If the hill should fall, the Germans would be deprived of their eyes ; it was vital that the hill should fall. On the eastern side of the Cotentin peninsula was the city of Carentan ; on the western side, the city of La Haye-du-Puits, each located near the coast. In the center of the peninsula a large swampy area called Prairies Marécageuses de Gorges (Gorges marshy meadows) virtually denied all military traffic through it and divided the peninsula into two sectors. Locked tightly to the western portion of the Prairies, at the village of Beau-Coudray, was the formidable Mahlman Line.
It was along this line that the enemy intended to make his stand, from Beau-Coudray west to Hill 122, on whose southern slopes was the Foret de Mont-Castre, and then westward once to the sea. This was the gate to victory. The cream of the German armies manned the gate, while guns bristled from every hedge, from each ravine, from every tree and bush.

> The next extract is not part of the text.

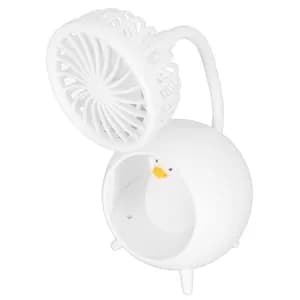 Rechargeable Desk Fan with Night Light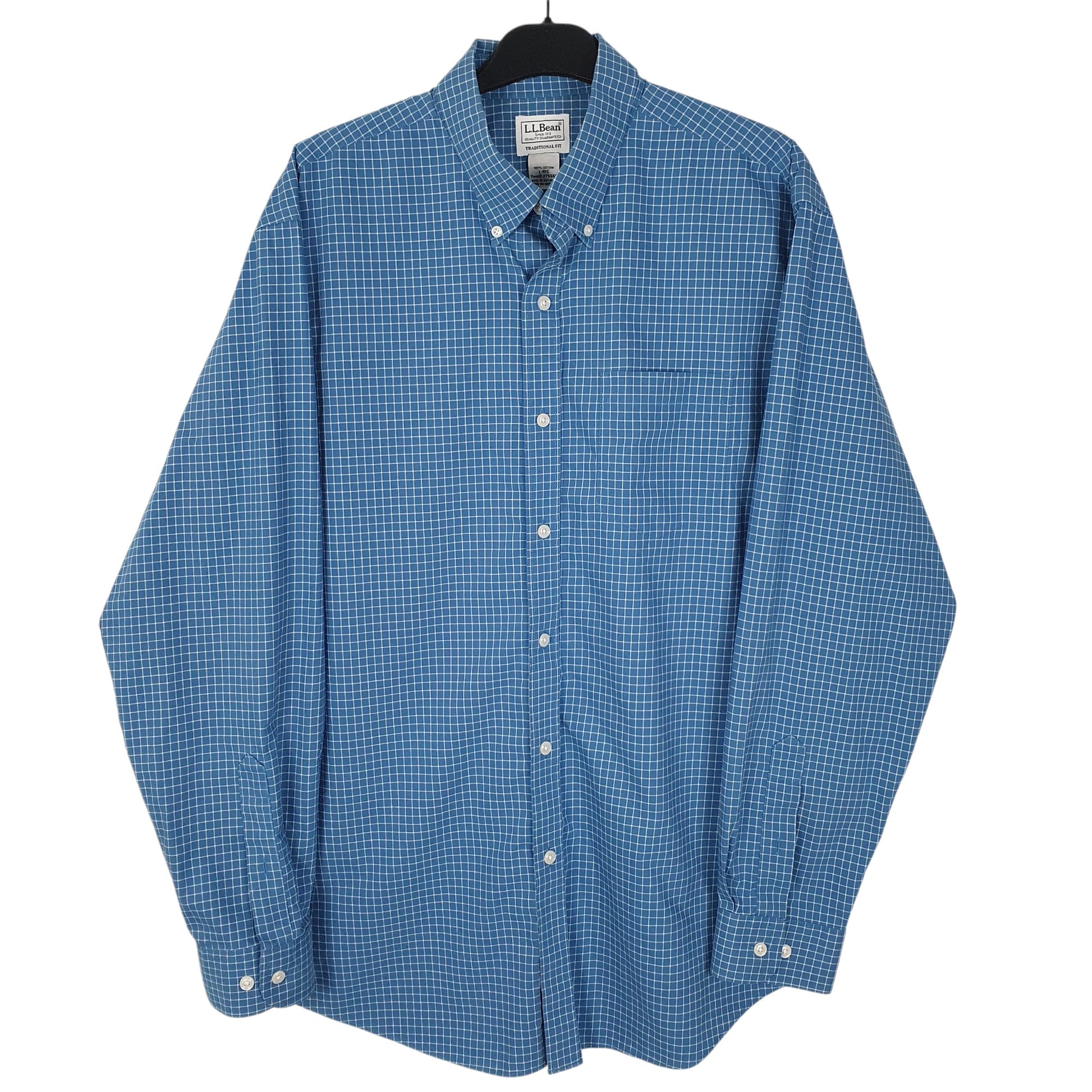 Mens Blue L.L.Bean  Long Sleeve Shirt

The defending forces had sworn an oath of fealty to their Führer and determined to stand to the death. Beyond this line no man would pass.
To the 90th Division was assigned the task of smashing the Mahlman Line at the Foret itself, the center and core of resistance. The first two days of July were devoted to the perfection of plans. Regiments and battalions moved into their positions near the line of departure. Division Artillery prepared its firing charts and data. The 359th was to attack on the right, the 358th on the left, the 357th in Division reserve and later to pass through the 358th to seize the high ground to the south. That was the initial plan, one that was destined to be altered a hundred times before the objective was reached.
The line of departure ran southeast from the village of Prétot down to Baupte on the northern edge of the Prairies. On July 3rd the attack began. Enemy reaction was immediate and violent. The 1st Battalion of the 359th encountered fanatical opposition in the orchards near Pretot.
Close-quarter fighting ensued and ended only with the utter annihilation of a complete enemy battalion. But the engagement drained the strength from the 1st Battalion, and after a short advance it halted. The 2nd Battalion pushed on to capture Sainte-Suzanne, always under enemy observation and subject to constant, murderous artillery fire.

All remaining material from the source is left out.